Well, of course, there are some questions I have. So it says that the identity of matrilineal and patrilineal MRCAs is dependent on genealogical history and may not have needed to live at the same time. :)
Mitochondrial Eve - Wikipedia
 

Dan From Smithville

What's up Doc?
Staff member
Premium Member
Scientists don't agree as to whether viruses are alive. So if scientists can't agree, why should I believe you about that? But, like a cliff, they can wreak havoc and destruction on living matter.
Do you think viruses have wings? Can you show me?

I have never heard of a cliff wreaking havoc on a population. Can you show me?
 

ecco

Veteran Member
Are viruses alive? Some scientists say yes, some say no

Religious people in general and Biblical literalists, in particular, see things in black and white. Good and Evil. Yes and No.

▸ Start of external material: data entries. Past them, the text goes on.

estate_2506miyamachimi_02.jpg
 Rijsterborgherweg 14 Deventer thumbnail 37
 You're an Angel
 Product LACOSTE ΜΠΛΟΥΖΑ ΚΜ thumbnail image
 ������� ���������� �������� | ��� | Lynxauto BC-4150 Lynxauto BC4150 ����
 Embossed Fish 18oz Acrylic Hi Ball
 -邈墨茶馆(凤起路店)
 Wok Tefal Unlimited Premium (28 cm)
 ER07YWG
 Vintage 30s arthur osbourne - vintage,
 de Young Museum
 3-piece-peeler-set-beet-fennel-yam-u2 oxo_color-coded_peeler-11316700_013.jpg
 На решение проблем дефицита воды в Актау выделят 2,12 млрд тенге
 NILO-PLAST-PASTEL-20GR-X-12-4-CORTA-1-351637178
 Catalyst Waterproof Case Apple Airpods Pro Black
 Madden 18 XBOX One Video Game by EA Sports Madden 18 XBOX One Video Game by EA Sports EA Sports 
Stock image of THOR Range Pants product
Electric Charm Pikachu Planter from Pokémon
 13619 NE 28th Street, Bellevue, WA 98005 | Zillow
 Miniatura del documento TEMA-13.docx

You state scientists can't decide if viruses are "alive" but you have ducked the many times people have asked you to define "alive" vs "not living".

The world is not 1's and 0's. Light is not red, or green, or blue. There are countless variations of light. There are countless gradations between red and blue.

Likewise, there are many gradations between an atom and an elephant.

Failure to recognize that and failure to accept that leads to a very wrong understanding of nature.